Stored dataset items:
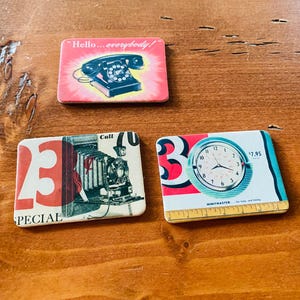 May include: Three vintage-style rectangular magnets. One features a rotary phone with the text "Hello... everybody!". Another displays a vintage camera with the word "SPECIAL" and the number "23". The third shows a clock with the text "MIMIMASTER" and the price $7.95.
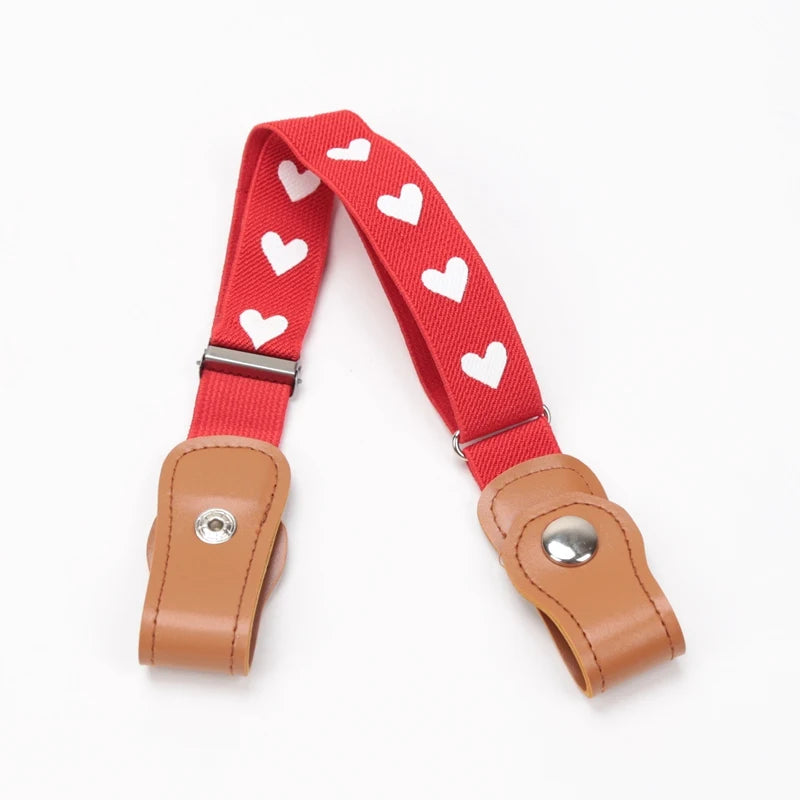 Red canvas belt with white heart pattern and brown leather buckle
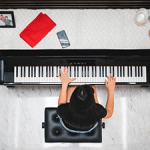 woman playing piano inside of a room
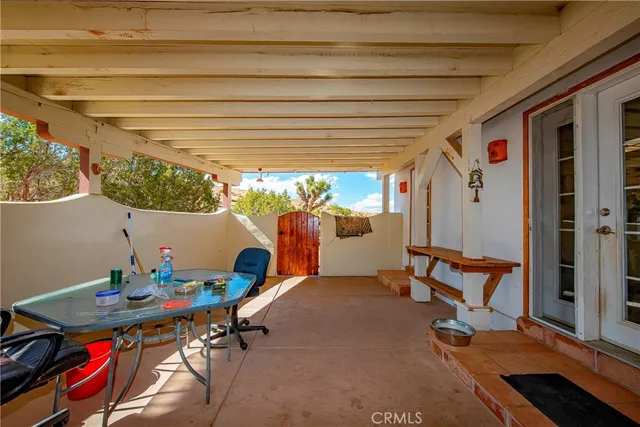 a view of a house with a yard and potted plants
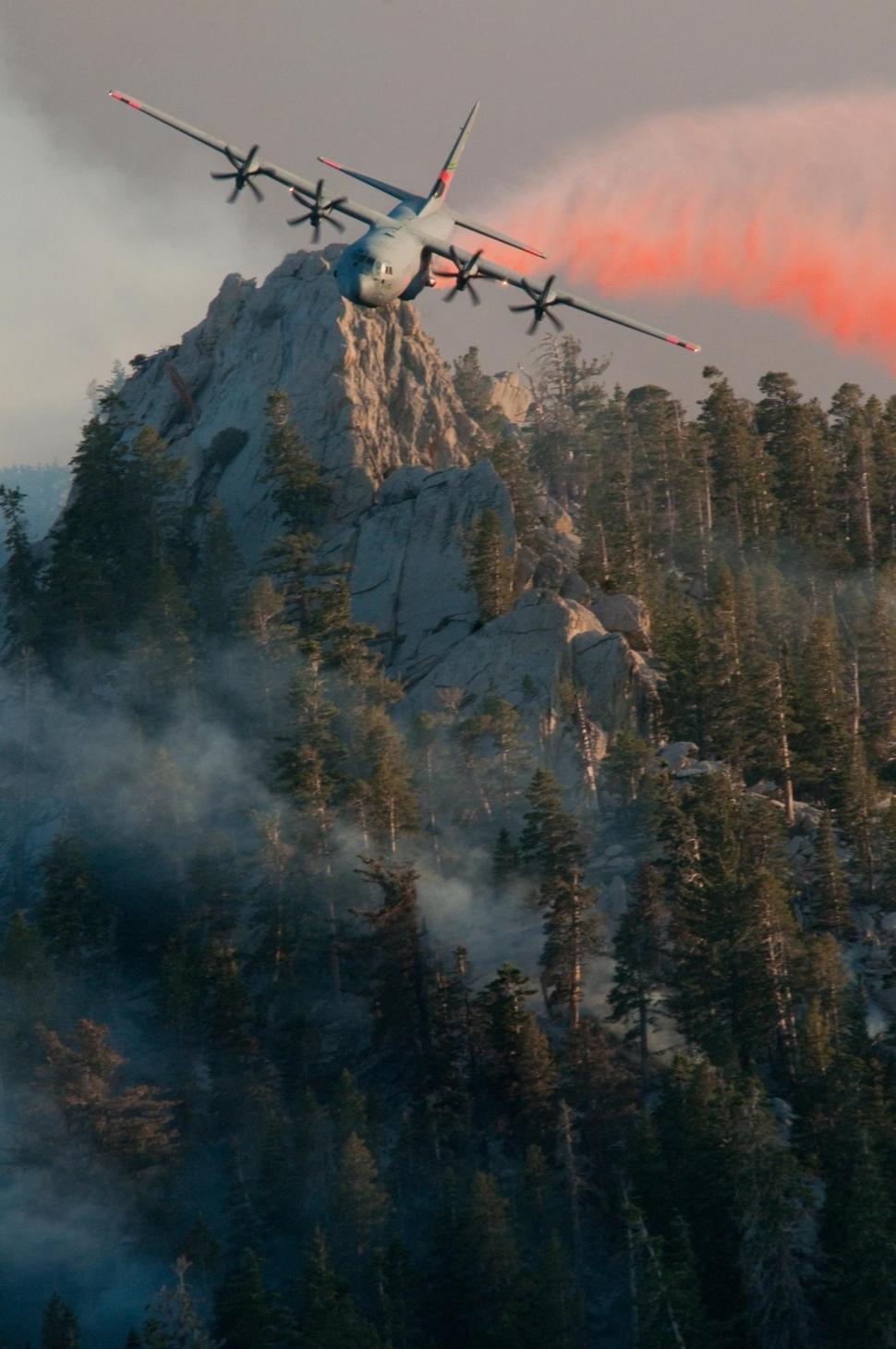 Free Image of Group of Planes Flying Over a Mountain 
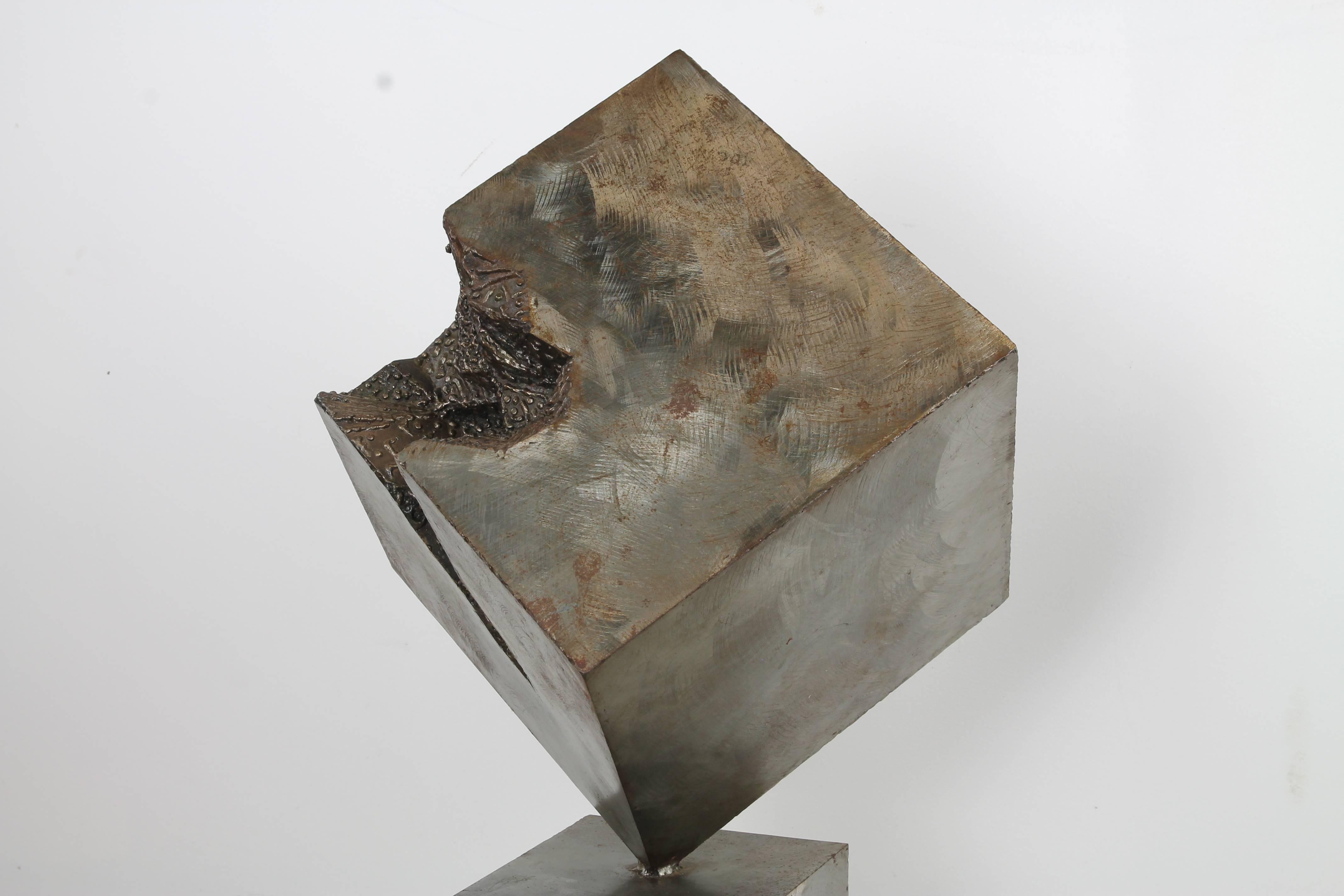 A monolith sculpture in Brutalist tradition, comprised of a skewed steel cube with crater hole in corner, atop a rectangular steel pedestal. Signed 'Ladd' at base.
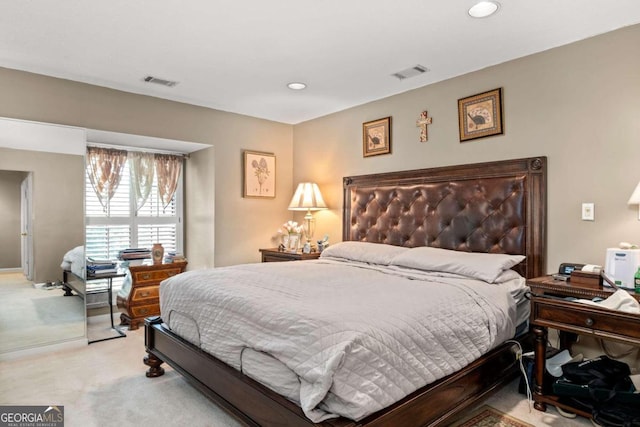 bedroom featuring light carpet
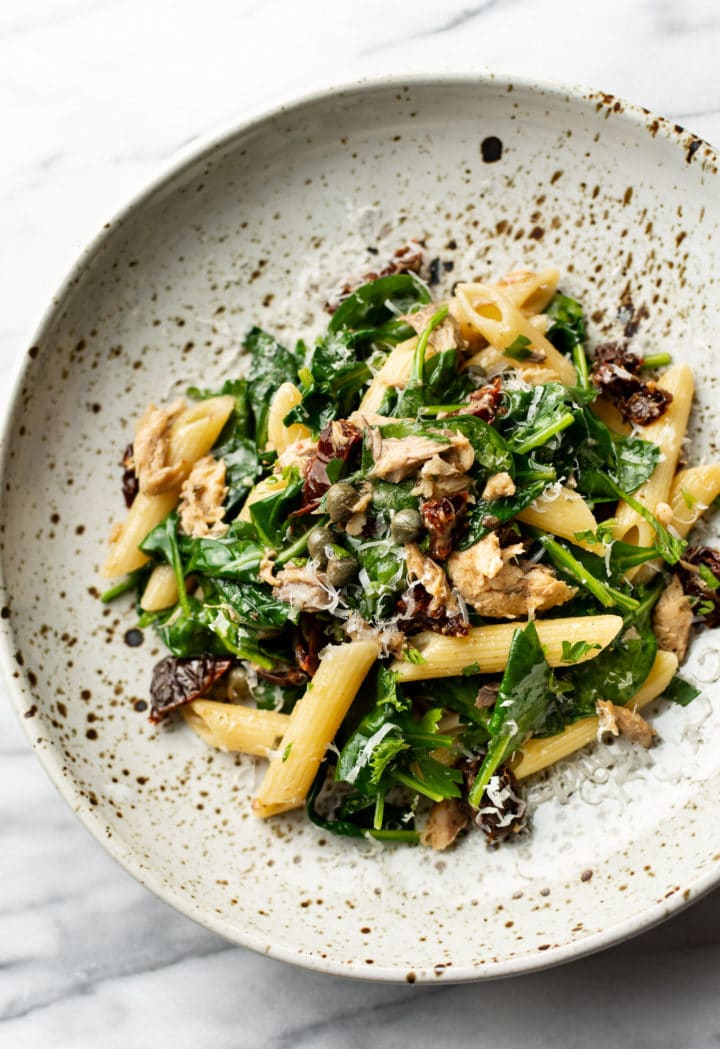 canned mackerel pasta close-up in a shallow bowl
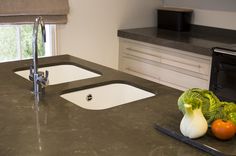 a kitchen counter top with two sinks and vegetables on the cutting board next to it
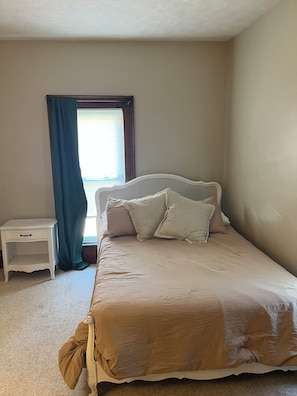 Une chambre à coucher avec un lit, une table de chevet, une fenêtre avec des rideaux et un sol recouvert d’une moquette.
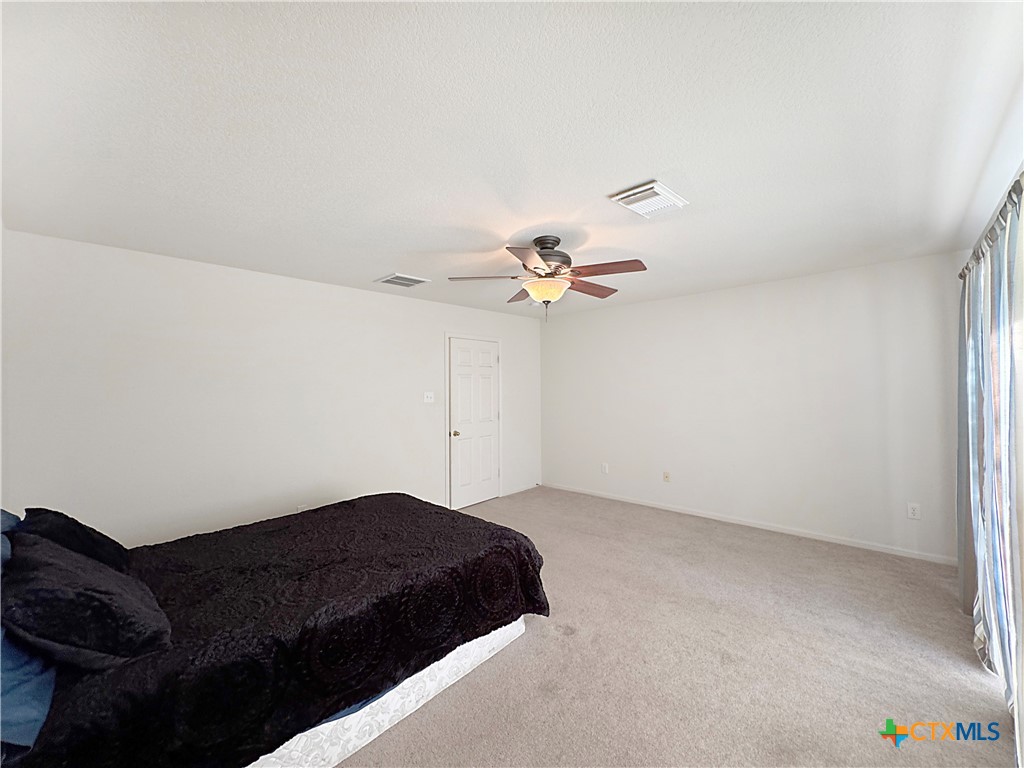 4575 Tanglewood Trail Spring Branch, TX 78070 - Photo 21 of 48 a bedroom with a bed and a ceiling fan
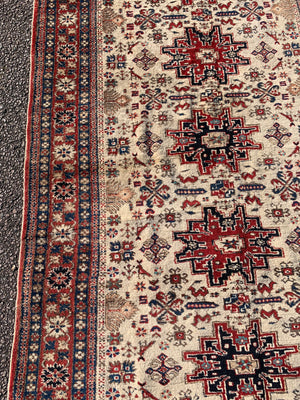 A cream ground Persian rectangular rug with long fringe- 260cm x 134cm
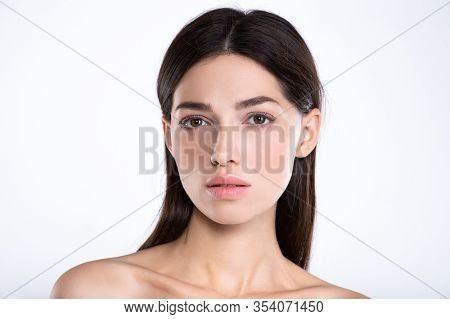 Portrait of beautiful young brunette woman with clean face. Beautiful face of young adult woman with clean fresh skin - isolated on white. Front portrait of woman with beauty face. Beauty concept 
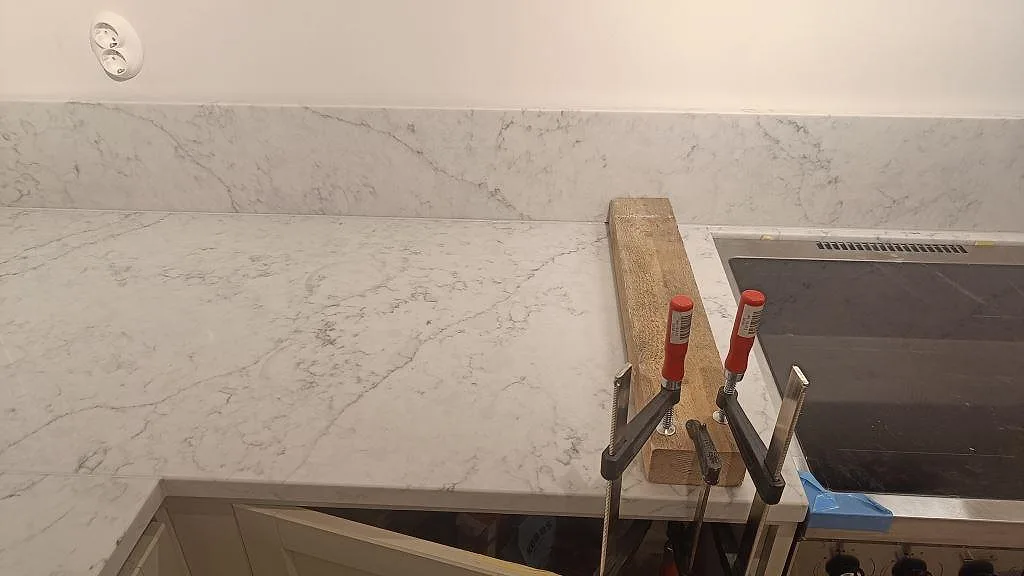 Monteringsbild av spissidan med polerad Technistone Mystery White, induktionshäll, tvingar och låg stänkkant i köket i Åhus.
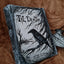 A gothic-style hardcover journal titled 'Til Death' featuring a black raven perched on tree branches over a dark landscape, resting on a brown textured fabric background.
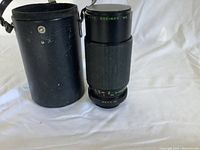 Makinon Auto zoom lens with an 80-200mm zoom range standing upright next to its black leather or faux leather carrying case with snap button and strap.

§ Your objective:
When you reach the line with "a view of a" in the records above, start writing out each line exactly, and stop after the line with "canned mackerel pasta". Pictures stay out.

§ Answer space:
 a view of a house with a yard and potted plants
 Free Image of Group of Planes Flying Over a Mountain 
 A monolith sculpture in Brutalist tradition, comprised of a skewed steel cube with crater hole in corner, atop a rectangular steel pedestal. Signed 'Ladd' at base.
 bedroom featuring light carpet
 canned mackerel pasta close-up in a shallow bowl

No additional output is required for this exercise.